I'd like every entry returned exactly as it is, with the images left out.

* **Collected data entries**

=== Begin Enclosure ===

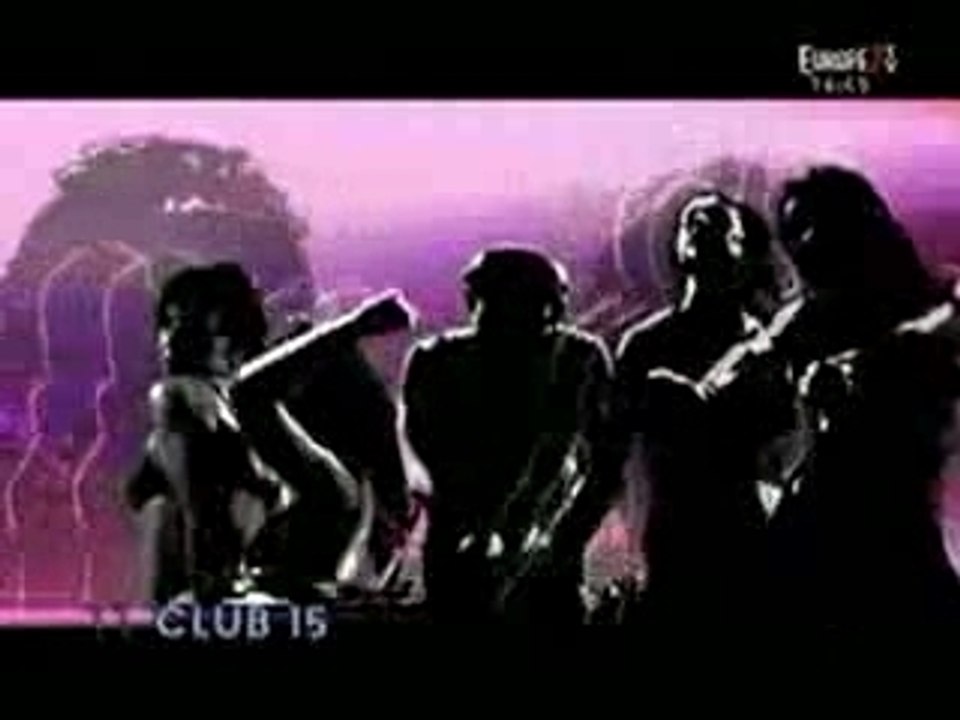 Love To Love You Baby - David Vendetta.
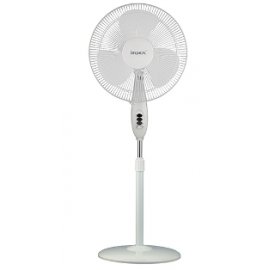 Impex Pedestal Fan - BREEZE O3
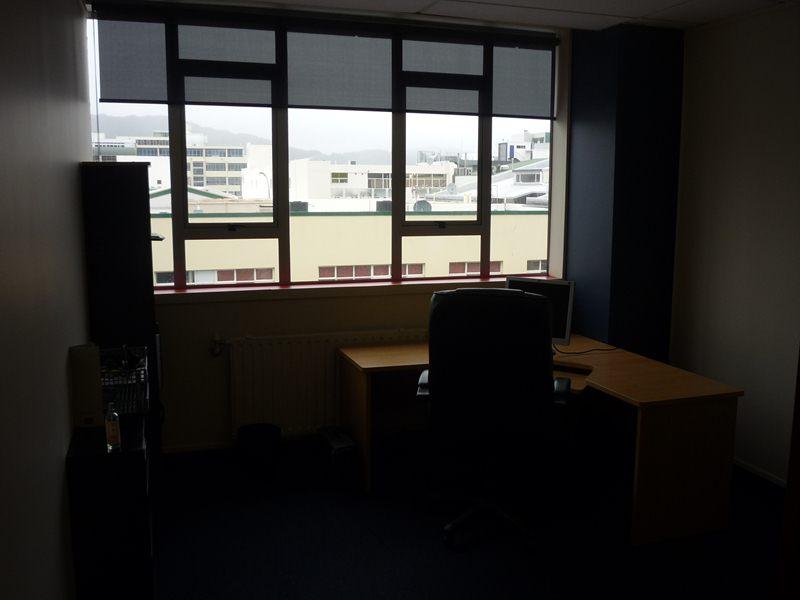 Service office in Lower Hutt image 1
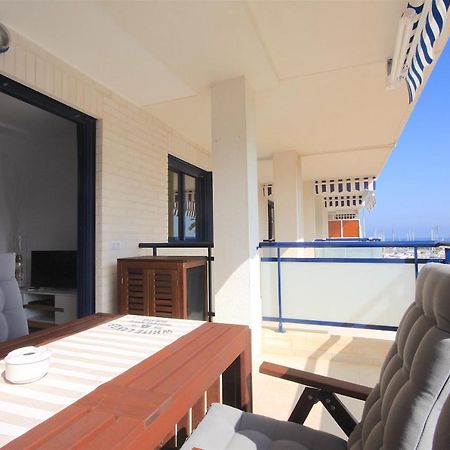 Apartamento SueÃ±os de Mar Dénia Exterior foto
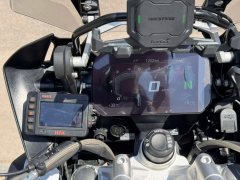 BMW R 1250 GS - фото 9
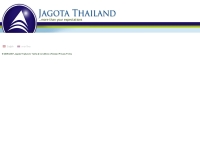 บริษัท จาโกตา ไทยแลนด์ จำกัด - jagota.com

=== End Enclosure ===

* **Output for this task**
 Love To Love You Baby - David Vendetta.
 Impex Pedestal Fan - BREEZE O3
 Service office in Lower Hutt image 1
 Apartamento SueÃ±os de Mar Dénia Exterior foto
 BMW R 1250 GS - фото 9
 บริษัท จาโกตา ไทยแลนด์ จำกัด - jagota.com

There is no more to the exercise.